Disclaimer: I’m going to install locally (Ubuntu 18.04), as a first approach to working with Superset. I do not recommend following the same steps in a production environment!

  1. First you need to install both Docker and docker-compose
  2. Clone the Superset repo
git clone https://github.com/apache/incubator-superset/

3. Navigate to the folder in which the docker files are placed

cd incubator-superset/contrib/docker

4. Run docker-compose specifying file docker-init.sh as entrypoint

docker-compose run --rm superset ./docker-init.sh

This is going to download (the first time it may take a long time) and configure three containers: one with Superset, another one with a Redis instance (to handle cache) and a last one with Postgres (handles metadata). You’ll be asked for an user and password in this process.

5. Launch it!

docker-compose up -d

Now you should be able to access to your Superset service using http://localhost:8088/login/, congrats!

As specified in the docker-compose.yaml file, the containers will be automatically run when restarting docker (or the computer), so you don’t have to worry about rerunning docker-compose when restarting.

Quick Note: If the last step fails for you have to modify file incubator-superset/contrib/docker/docker-compose.yaml and set the environment to production:

SUPERSET_ENV: production
#SUPERSET_ENV: development

This is an already documented problem (Link to Github issue) and hopefully there is a fix coming soon enough.

Ok, that was way too boring, let’s import our first datasource and build some cool graphics!

via GIPHY

The data I’ve used includes information on all property sales in England and Wales that were sold for full market value in 2018 (source).
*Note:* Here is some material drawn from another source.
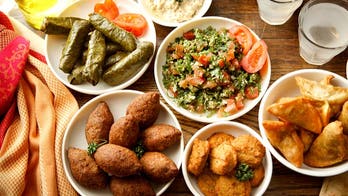 10 foodies to follow to taste the world in 2014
I’ve downloaded the csv and dumped it into a table in Postgres.

First of all, we need to create a connection from Superset to our database, which is done on section Sources > Databases. Once in there, the connector is specified via SQLAlchemy url, which supports a wide range of databases. Here is how I’ve done it with Postgres:

The Superset connector uses SQLAlchemy

Then, it is needed to add each of the tables that we want to use in our visualizations. That action is performed in section Sources > Tables.

Now we have to play with Superset two main objects: dashboards and charts. Each dashboard is composed of several charts that we can arrange as we please. The process of building a basic chart and composing a dashboard is really simple, so I’m not going to explain how to do it, go and learn!

In just about 15 minutes, I’ve managed to build this dashboard:

A simple dashboard displaying some basic graphs

The magic of it is that, as we play with the different filters, the visualizations will be updated without refreshing the page. Don’t believe me? Just watch the following gif, in which first I apply a filter by city and later a temporal one.

Visualizations are re-rendered as soon as a filter is applied

Take into account that each visualizations needs to execute, at least, one query. If your dataset is huge and you change filters very fast, you may block your database (sometimes patience is the word).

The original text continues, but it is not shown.